START SOURCE RECORDS

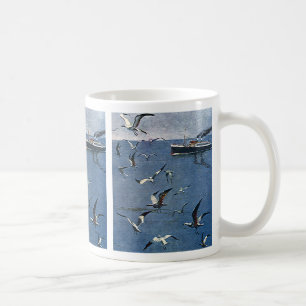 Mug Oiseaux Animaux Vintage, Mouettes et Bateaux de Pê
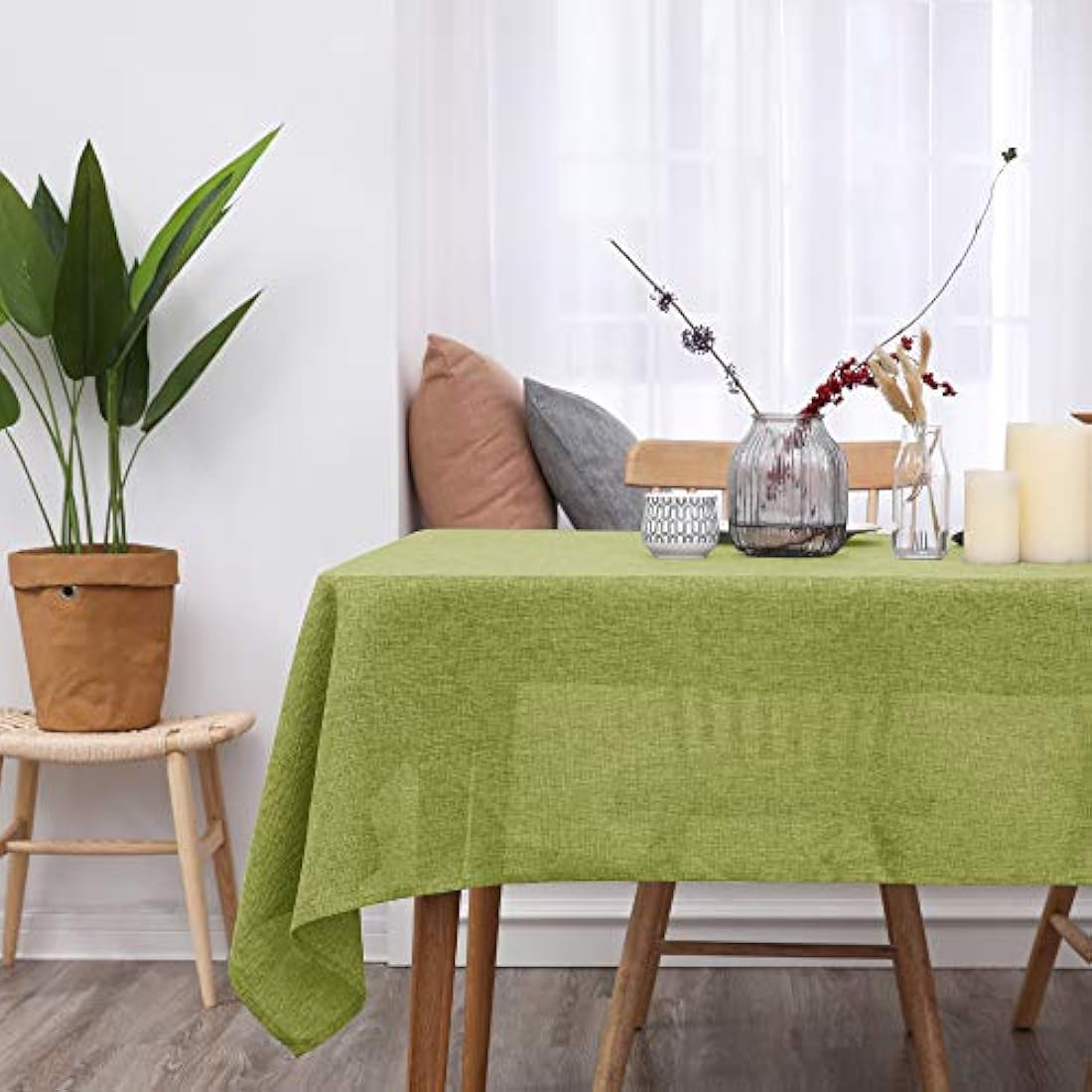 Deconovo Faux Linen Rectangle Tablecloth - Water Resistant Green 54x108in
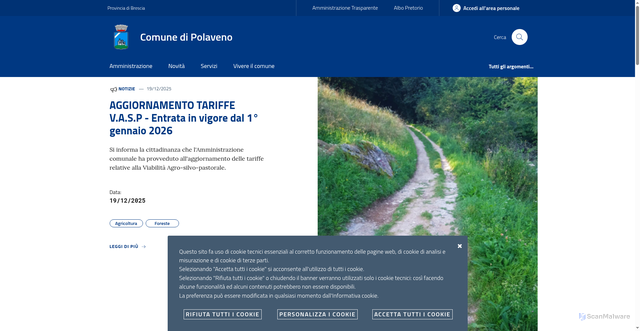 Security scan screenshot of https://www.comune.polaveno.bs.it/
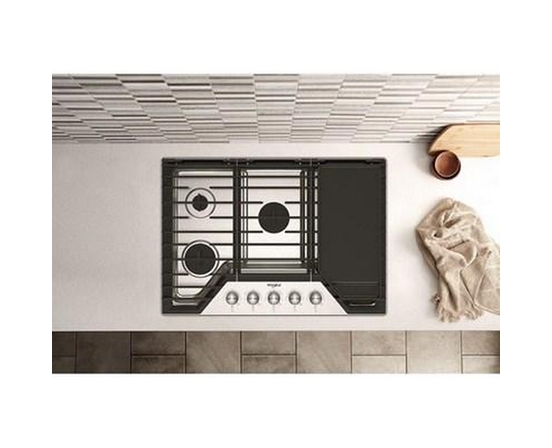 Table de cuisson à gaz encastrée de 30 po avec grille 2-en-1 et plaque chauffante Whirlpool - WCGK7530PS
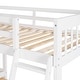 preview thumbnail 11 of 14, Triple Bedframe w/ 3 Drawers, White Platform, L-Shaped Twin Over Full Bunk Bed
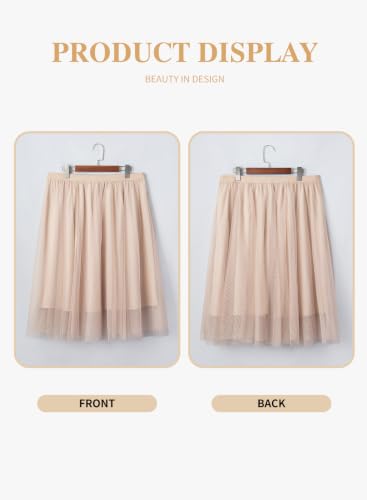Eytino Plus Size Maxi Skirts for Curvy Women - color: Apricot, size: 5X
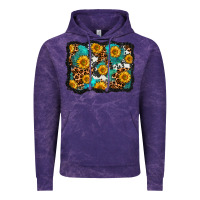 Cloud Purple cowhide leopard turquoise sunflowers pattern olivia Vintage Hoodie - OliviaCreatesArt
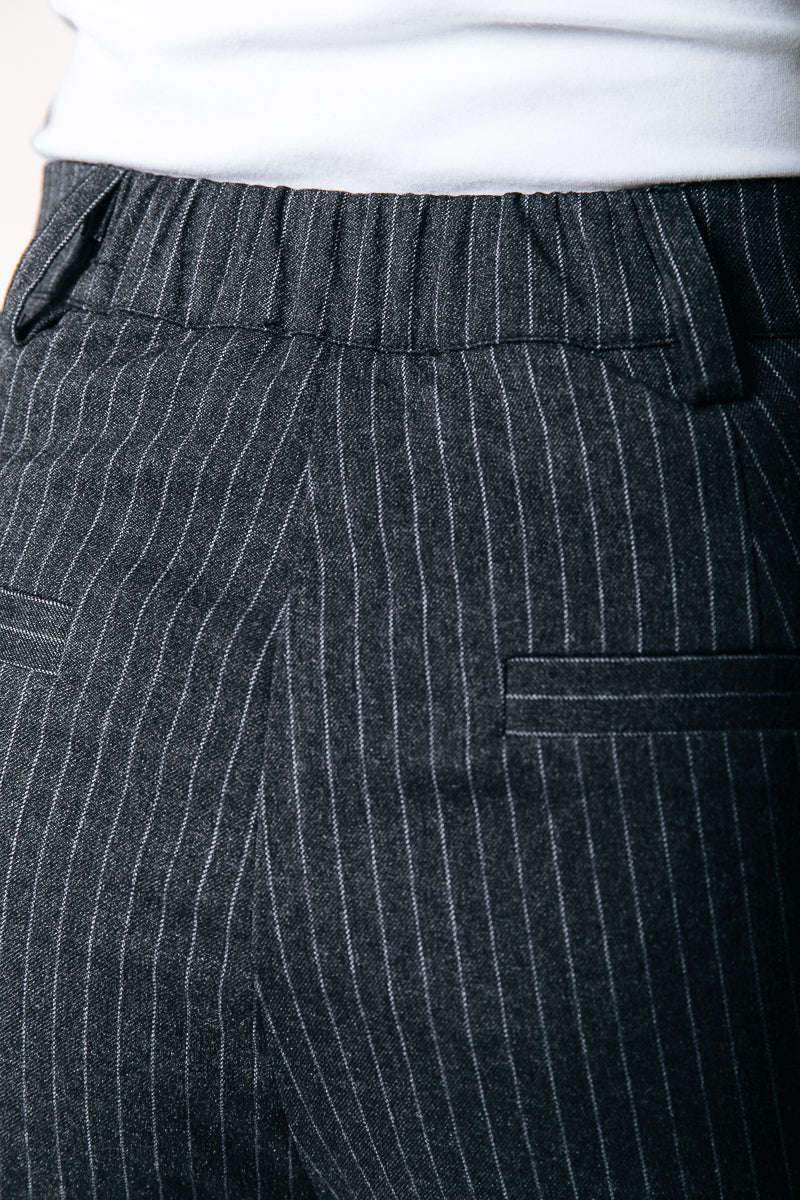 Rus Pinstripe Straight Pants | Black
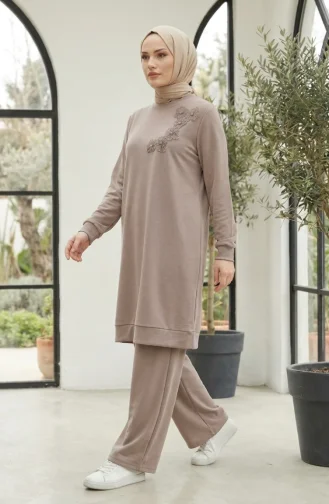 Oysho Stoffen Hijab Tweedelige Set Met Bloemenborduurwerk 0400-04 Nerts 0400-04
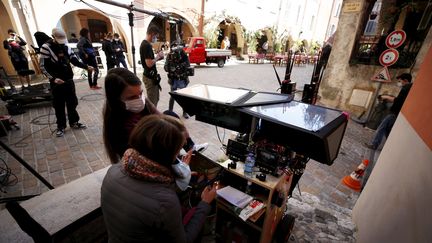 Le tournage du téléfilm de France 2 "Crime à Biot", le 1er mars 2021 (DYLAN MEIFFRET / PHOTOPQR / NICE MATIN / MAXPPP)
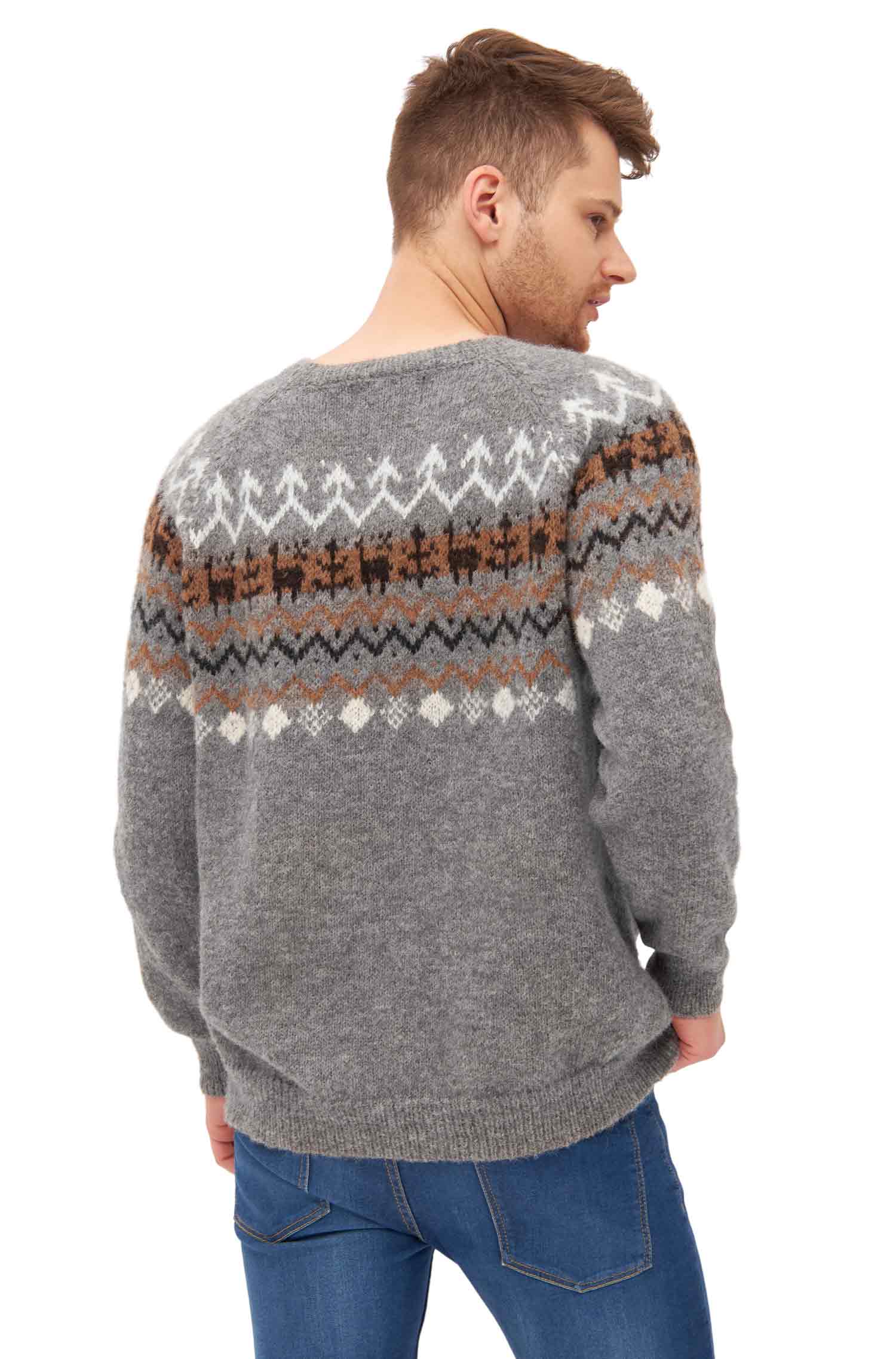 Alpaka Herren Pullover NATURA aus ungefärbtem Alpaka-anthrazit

END SOURCE RECORDS

▸ **WHAT TO PRODUCE**
The response must restate exactly the lines from the one containing "Eytino Plus Size" through the end of the records above and must leave out all pictures.

▸ **REPLY**
Eytino Plus Size Maxi Skirts for Curvy Women - color: Apricot, size: 5X
 Cloud Purple cowhide leopard turquoise sunflowers pattern olivia Vintage Hoodie - OliviaCreatesArt
 Rus Pinstripe Straight Pants | Black
 Oysho Stoffen Hijab Tweedelige Set Met Bloemenborduurwerk 0400-04 Nerts 0400-04
 Le tournage du téléfilm de France 2 "Crime à Biot", le 1er mars 2021 (DYLAN MEIFFRET / PHOTOPQR / NICE MATIN / MAXPPP)
 Alpaka Herren Pullover NATURA aus ungefärbtem Alpaka-anthrazit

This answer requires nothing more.